Za pomocą kwestionariusza Social Readjustment Rating Scale określa się poziom nasilenia stresu. Określonym zdarzeniom przypisano daną ilość punktów, a ich zsumowanie umożliwia określenie ryzyka wystąpienia poważnej choroby wywołanej natężeniem stresu. Wśród najczęstszych dolegliwości związanych z doświadczaniem nadmiernego stresu są m. in.: choroby psychiczne, zaburzenia wydolności organizmu, zawał serca. Już 50-199 jednostek stresu oznacza 37% ryzyko wystąpienia poważnej choroby. Śmierć współmałżonka plasuje się najwyżej na opisywanej skali - powoduje stres o wartości 100 punktów.
Jak odkryli uczeni, u osób, które straciły bliską osobę, ryzyko zawału serca zwiększa się o 21 razy w ciągu 24 godzin od tej śmierci. W przeciągu tygodnia od śmierci kogoś bliskiego, doświadczający takiej sytuacji człowiek jest osiem razy bardziej narażony na zawał niż normalnie. Ryzyko to powoli zmniejsza się z czasem, ale pozostaje podwyższone przez pierwszy miesiąc żałoby.
- Niektórzy opisywana korelację wyjaśniliby mówiąc, że złamane serce związane z żalem po starcie bliskiej osoby prowadzi do zmian fizjologicznych - mówi dr Murray Mittleman, autor badań.
W badaniach, których wyniki opublikowano na łamach magazynu "Circulation", wzięło udział 2 tysiące osób, które doświadczyły zawału serca. Naukowcy pytali pacjentów o sytuacje potencjalnie wyzwalające zawały, w tym o utratę kogoś bliskiego w określonym czasie przed nastąpieniem ataku i znaleźli solidne dowody na to, że żałoba może stanowić poważne zagrożenie dla zdrowia.
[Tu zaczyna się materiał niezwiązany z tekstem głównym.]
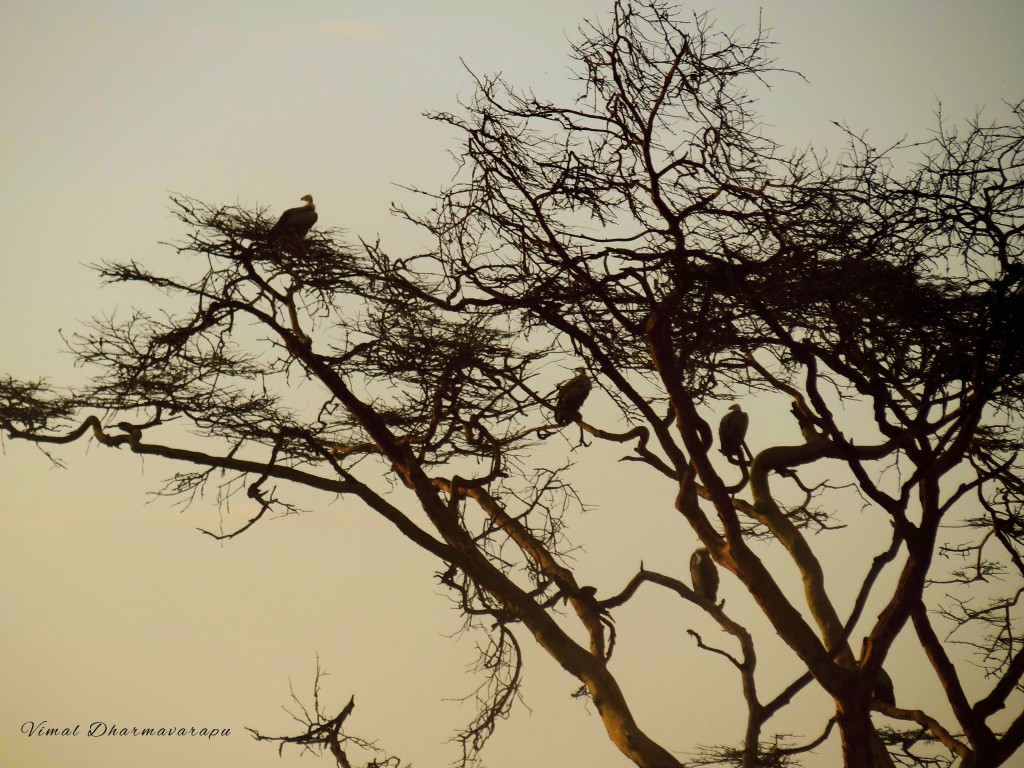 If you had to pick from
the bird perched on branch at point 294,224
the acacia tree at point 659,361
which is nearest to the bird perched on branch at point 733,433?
the acacia tree at point 659,361

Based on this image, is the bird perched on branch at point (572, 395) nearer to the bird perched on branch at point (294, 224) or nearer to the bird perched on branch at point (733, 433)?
the bird perched on branch at point (733, 433)

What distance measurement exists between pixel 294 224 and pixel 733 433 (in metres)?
2.42

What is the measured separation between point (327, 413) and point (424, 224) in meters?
1.23

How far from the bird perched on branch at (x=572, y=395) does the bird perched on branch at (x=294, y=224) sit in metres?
1.39

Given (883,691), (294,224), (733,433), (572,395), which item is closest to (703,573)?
(733,433)

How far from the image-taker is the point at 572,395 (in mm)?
4516

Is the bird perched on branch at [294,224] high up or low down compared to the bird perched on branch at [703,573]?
up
- Żałoba i smutek są związane z intensywnym uczuciem lęku i gniewu, a te okazały się być związane ze zwiększeniem częstości akcji serca i podwyższeniem ciśnienia krwi, to zaś podnosi ryzyko powstania zakrzepów, które mogą prowadzić do zawału serca - wyjaśniła Elżbieta Mostofsky, współautorka badań.